The dispute over global power. China versus the United States in the epidemic crisis It is a book carefully balanced between educational and somewhat scientific importance It is not usual in the bibliographic presentation of international relations. The authors invite students, decision-makers, businessmen, and the general public to think from a global perspective, while shaking nods to resounding conceptual debates within the discipline. They promise accessible text, but no less strict for it, and they keep their promise.

The aim of the work is to understand how the current process of spreading and transferring power is superimposed on the emergence and development of a pandemic, in order – from this intersection – to consider ‘what world we are in’. The authors were able to distinguish between movements that correspond to deep forces and those that are disruptive phenomena of the international system, highlighting future challenges.

In four chapters, Actis and Creus outline the basic concepts of contemporary international relations: a discussion of what constitutes a systemic event, the identification of deep forces, the debate over power, and finally the international order. The chapter on power is the chapter that best expresses the authors’ desire to position themselves between the current story, the appeal of the non-specialist reader and the academic discussion: they engage the debates about the concept of “power” in international relations. They illustrate this with examples from the current situation.

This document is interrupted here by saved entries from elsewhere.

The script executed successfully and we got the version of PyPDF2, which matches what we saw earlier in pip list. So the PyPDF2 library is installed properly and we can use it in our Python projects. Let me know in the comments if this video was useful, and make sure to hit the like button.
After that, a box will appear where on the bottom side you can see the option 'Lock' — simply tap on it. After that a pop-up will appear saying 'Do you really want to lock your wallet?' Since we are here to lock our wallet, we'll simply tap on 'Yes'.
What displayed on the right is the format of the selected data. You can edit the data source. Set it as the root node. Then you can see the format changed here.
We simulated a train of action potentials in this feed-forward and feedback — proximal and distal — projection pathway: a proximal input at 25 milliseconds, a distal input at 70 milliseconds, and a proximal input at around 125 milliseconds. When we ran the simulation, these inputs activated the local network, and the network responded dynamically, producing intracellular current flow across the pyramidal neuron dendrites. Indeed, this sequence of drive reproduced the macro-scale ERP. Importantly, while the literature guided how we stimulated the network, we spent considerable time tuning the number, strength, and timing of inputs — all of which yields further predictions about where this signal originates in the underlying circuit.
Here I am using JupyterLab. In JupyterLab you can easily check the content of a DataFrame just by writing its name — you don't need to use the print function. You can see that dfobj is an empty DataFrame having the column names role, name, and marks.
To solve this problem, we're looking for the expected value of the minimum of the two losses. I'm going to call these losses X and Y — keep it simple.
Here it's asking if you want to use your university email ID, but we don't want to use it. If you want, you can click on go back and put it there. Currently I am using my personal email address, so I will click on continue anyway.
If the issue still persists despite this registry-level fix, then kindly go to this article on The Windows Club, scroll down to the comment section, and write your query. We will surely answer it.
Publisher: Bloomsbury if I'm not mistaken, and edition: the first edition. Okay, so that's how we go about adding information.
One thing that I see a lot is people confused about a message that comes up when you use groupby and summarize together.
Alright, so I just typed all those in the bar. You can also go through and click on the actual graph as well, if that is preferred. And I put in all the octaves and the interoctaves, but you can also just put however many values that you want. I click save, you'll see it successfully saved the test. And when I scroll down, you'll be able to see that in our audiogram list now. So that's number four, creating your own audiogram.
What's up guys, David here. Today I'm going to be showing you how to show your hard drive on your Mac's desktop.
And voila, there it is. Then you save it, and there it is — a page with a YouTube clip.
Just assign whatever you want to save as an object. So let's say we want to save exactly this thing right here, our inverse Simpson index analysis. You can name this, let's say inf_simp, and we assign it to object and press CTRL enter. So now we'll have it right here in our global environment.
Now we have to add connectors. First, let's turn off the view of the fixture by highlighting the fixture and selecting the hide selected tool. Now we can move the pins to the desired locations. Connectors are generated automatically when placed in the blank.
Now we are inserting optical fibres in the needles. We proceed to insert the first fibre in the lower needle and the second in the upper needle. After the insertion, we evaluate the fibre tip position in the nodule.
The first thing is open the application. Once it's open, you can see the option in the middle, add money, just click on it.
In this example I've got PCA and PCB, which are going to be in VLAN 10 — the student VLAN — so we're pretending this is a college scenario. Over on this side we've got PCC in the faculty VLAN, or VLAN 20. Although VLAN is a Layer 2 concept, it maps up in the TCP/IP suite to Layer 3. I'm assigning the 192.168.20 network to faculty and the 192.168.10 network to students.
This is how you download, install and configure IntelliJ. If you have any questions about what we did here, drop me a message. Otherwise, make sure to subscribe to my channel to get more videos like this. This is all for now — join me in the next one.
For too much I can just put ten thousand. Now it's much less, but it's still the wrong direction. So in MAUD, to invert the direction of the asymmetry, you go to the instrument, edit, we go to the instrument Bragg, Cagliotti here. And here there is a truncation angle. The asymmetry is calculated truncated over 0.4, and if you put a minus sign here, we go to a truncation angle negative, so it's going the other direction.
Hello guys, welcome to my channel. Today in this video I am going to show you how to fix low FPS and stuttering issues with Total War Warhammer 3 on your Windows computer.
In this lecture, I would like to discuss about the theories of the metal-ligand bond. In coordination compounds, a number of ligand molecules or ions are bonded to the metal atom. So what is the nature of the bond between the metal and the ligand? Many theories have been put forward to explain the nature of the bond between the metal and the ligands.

Although one of the innovations that the work presents, as its authors assert, is the idea of ​​“inevitable bipolarity,” the book goes beyond the dispute between China and the United States and presents a fairly complete panorama of the international scene. However, it seems to me that these specialists limited themselves by restricting themselves to a very focused view of the state, and to the exclusion of the role of other actors, such as TNCs.

With regard to their analysis of the effects of Covid-19 on the international system, Actis and Creus argue that the pandemic allows the drawing of two “veils”: the veil of ignorance, according to which the pandemic was foreseeable and its results reveal that the prevailing analytical frameworks are dangerously missing, and the frameworks of complacency, in the sense that all the components of A global crisis was on the horizon, but the agents decided to neglect international risks. Lifting this veil exposed the limits of global governance.

The book is very easy to read and offers a comprehensive bibliography, which makes the investigation transparent and stimulates deepening approaches to its pages. It is undoubtedly an essential task for anyone who wants to understand the transformations of the international system and think about problems, however local they may seem, with an attitude that transcends borders.